CS147DVPyParser

This program was inspired by Jordan Conragan and written by Rick DeAmicis in the fall semester of 2020 for Kaushik Patra’s CS147: computer architecture course. The program will quickly convert CS147DV instructions written in human-readable format to hexadecimal. It may not work as intended if CS147DV has been changed/updated since fall 2020. Pull requests are encouraged. Good luck on your project :)

Requirements

The program is known to work with Python 2.7+ and 3.7+.

The script does not have any external dependencies.

Quick set-up

There are two main ways to interact with this script.

as a command line utility:
- interactive mode:
$ python AssemblyParser.py

press ctrl-c at any time to exit.
- passing in instructions as arguments:
$ python AssemblyParser.py "add r2 r2 r3"

Pass in as many instructions as you want.

$ python AssemblyParser.py "add r2 r2 r3" "addi r2 r2 3"
- Pass in instructions from a file. The file must contain one single CS147DV instruction one each line, and nothing else.

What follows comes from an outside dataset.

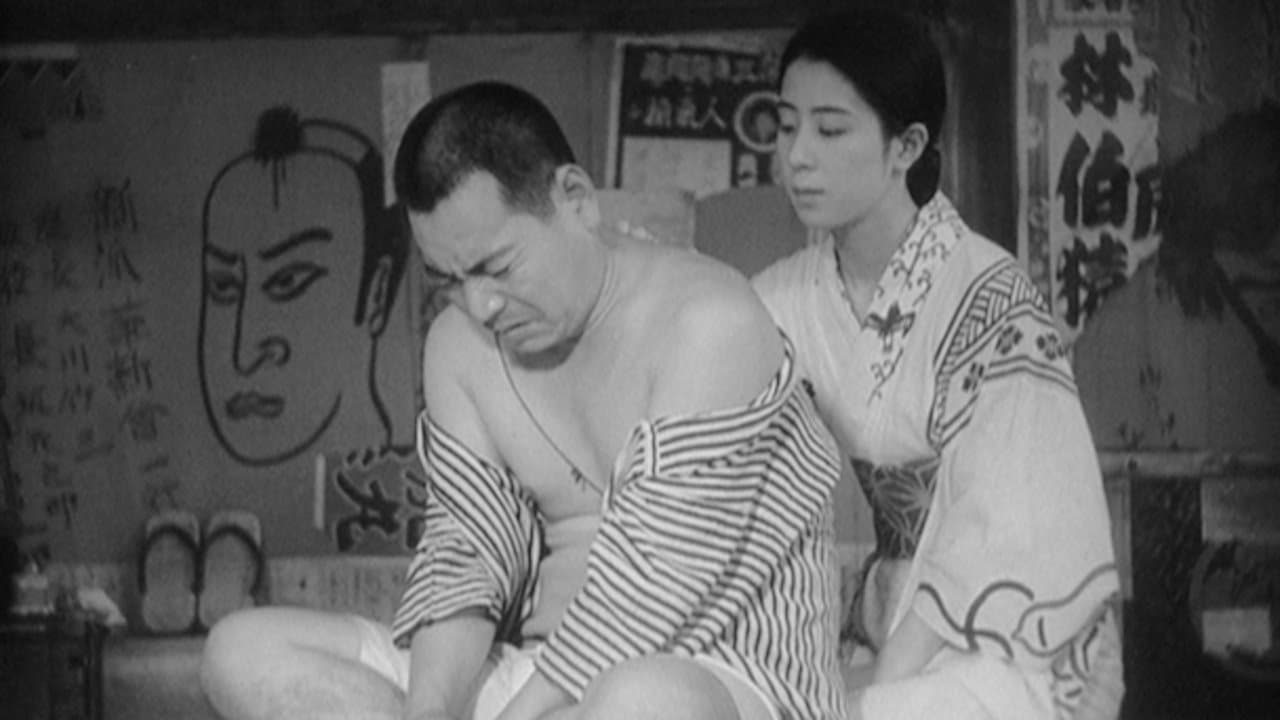 Poster backdrop for A Story of Floating Weeds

The script will remove trailing comments that starti with // , # , /*
$ python AssemblyParser.py -f instructions.txt

other options

-h, --help : print help information and exit
-o, --outfile : File to save the hexadecimal results to.
-a, --append : append the results to outfile, instead of overwriting.
-i, --interactive : invoke interactive mode. Especially useful if you want to pass in some instructions from the commandline or a file, and want to continue to add more instructions dynamically
-q, --quiet : suppress output of meta information. Not recommended! Difficult to know if the instruction you input is really what you thought it was.

You can also import AssemblyParser as a module into your own script.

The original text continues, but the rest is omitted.